富野由悠季さん&細田守さんが『イデオン』を語る。ハイビジョン版『伝説巨神イデオン』テレビ初放送記念・対談レポート&インタビュー
2014年3月16日より、BSデジタル放送局「WOWOW」において、ハイビジョン版『伝説巨神イデオン』が、テレビで初めて一挙放送されることが決定した。
今回の放送では、1980年から1981年にかけて放送されたTV版(全39話)に加え、後に制作された劇場版『接触篇』および『発動篇』が一挙に放送される。
2月某日。そんな『イデオン』の放送に先立って、同作の総監督にして『機動戦士ガンダム』シリーズの生みの親としても知られる富野由悠季さんと、『サマーウォーズ』や『おおかみこどもの雨と雪』を手がけた細田守さんによる対談の場が設けられた。

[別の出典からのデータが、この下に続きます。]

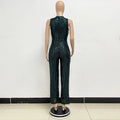 Sleeveless Sequined Jumpsuit Round Neck Slim Fit High Waist Sexy SprinSPECIFICATIONSBrand Name: mandylandyStyle: StreetwearAge: MIDDLE AGEOrigin: Mainland ChinaCN: GuangdongSeason: SummerMaterial: POLYESTERDecoration: SequinedFabric TyDMEwomenstorenull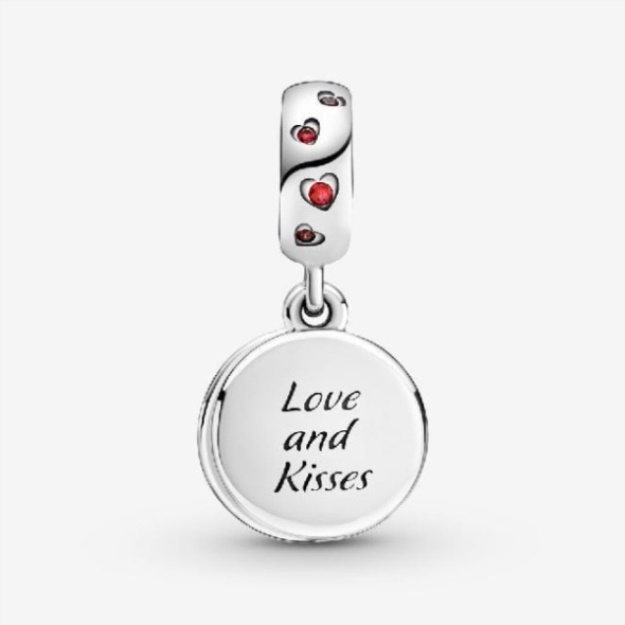 Disney Mickey Mouse  Minnie Mouse Love and Kisses Dangle Charms Pandora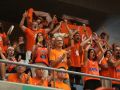 La afición del Leyma arropó a su equipo durante la final contra el Breogán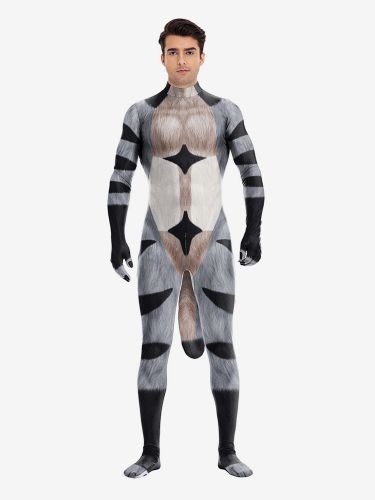 Combinaison moulante néon style loup combinaison de cosplay imprimée numériquement en 3D style zentai - milanoo.com - Modalova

本稿では両氏による対談の様子をお届けする。 記事の後半には、対談後に行われたインタビューの様子も掲載するので、そちらも合わせてチェックしてほしい。
■富野さん「(細田さんは)倒すべき敵」
収録が始まり、対談の口火を切ったのは富野さんの「(細田さんは)倒すべき敵です」というひと言。
「同時代、同時期にやっていた人と切磋琢磨していくというやり方もあるんですが、60くらいになってそれをやっていると、自分が老けるってことがハッキリと分かってくるんです。だから、若手が出てきてくれないと困る」と、発言の意図を語った。

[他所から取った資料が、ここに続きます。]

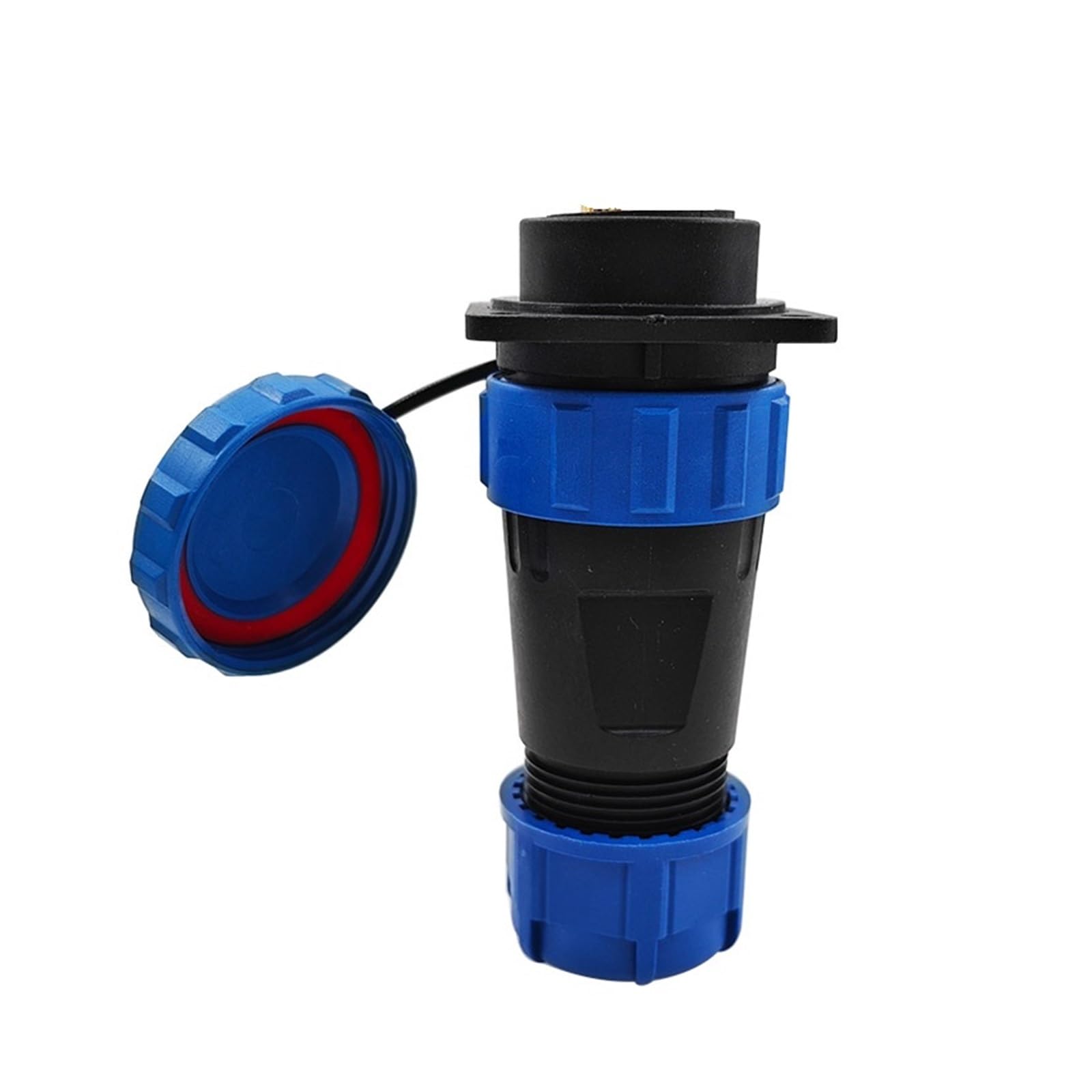 Conector SP28 IP68 de 12 pines ideal para iluminación exterior de jardines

それに対して細田さんは「親世代の方が、自分が子供の頃に作品を通して語りかけてくれる。その頃に仰ぎ見た方が、自分が作り手になっても作品を作り続けていてくれる。それが後進の自分としては、すごく嬉しいことだと感じています」と、ちょっと恐縮したような様子で言葉を返す。

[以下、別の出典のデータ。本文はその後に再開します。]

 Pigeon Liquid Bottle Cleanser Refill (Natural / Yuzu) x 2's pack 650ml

その後も、富野さんが経験した初期から現代までにおけるアニメシーンの変化や、現代の「インターネット動画文化」を切り口とした映画制作論など、様々な要素に焦点をあてられた。もちろん、両氏が『イデオン』について語るシーンも。そんな対談の様子は、『「伝説巨神イデオン」WOWOW放送記念「富野監督×細田監督」対談』として、番組特設サイトで公開中。対談の内容が気になった人は、WOWOWホームページにアクセスしてほしい。
■ 収録後インタビュー:現代の社会に『イデオン』が与えるものとは
――まずは、収録を終えての感想をお聞かせ下さい。
細田さん:僕が『イデオン』をテレビで観たのは、まだ中学1年生で、劇場版は中学2年生の頃でした。その頃は、まさか富野監督と一緒に『イデオン』の話ができるだなんて、夢にも思っていなかったことなので、すごく光栄に思っています。
富野さん:WOWOWとかケーブルテレビ局がこれだけ日常的な物になっていれば、再放送されることは当たり前だろうとも思えるけど、そうじゃないんです。そんな状況の中で自分の作品が放送されることは、本当にありがたいことだなと思います。
今回の対談で、『イデオン』が今、アニメの監督をしている人が業界に入る足掛かりになっていることを知ることができました。だから、僕自身「よくやった」と思えるし、改めて「細田は倒すべき敵だ」と分かるから、そりゃ嬉しい。だって、こういう対談の機会がなければ、「嬉しい」っていう話もできないんですよね。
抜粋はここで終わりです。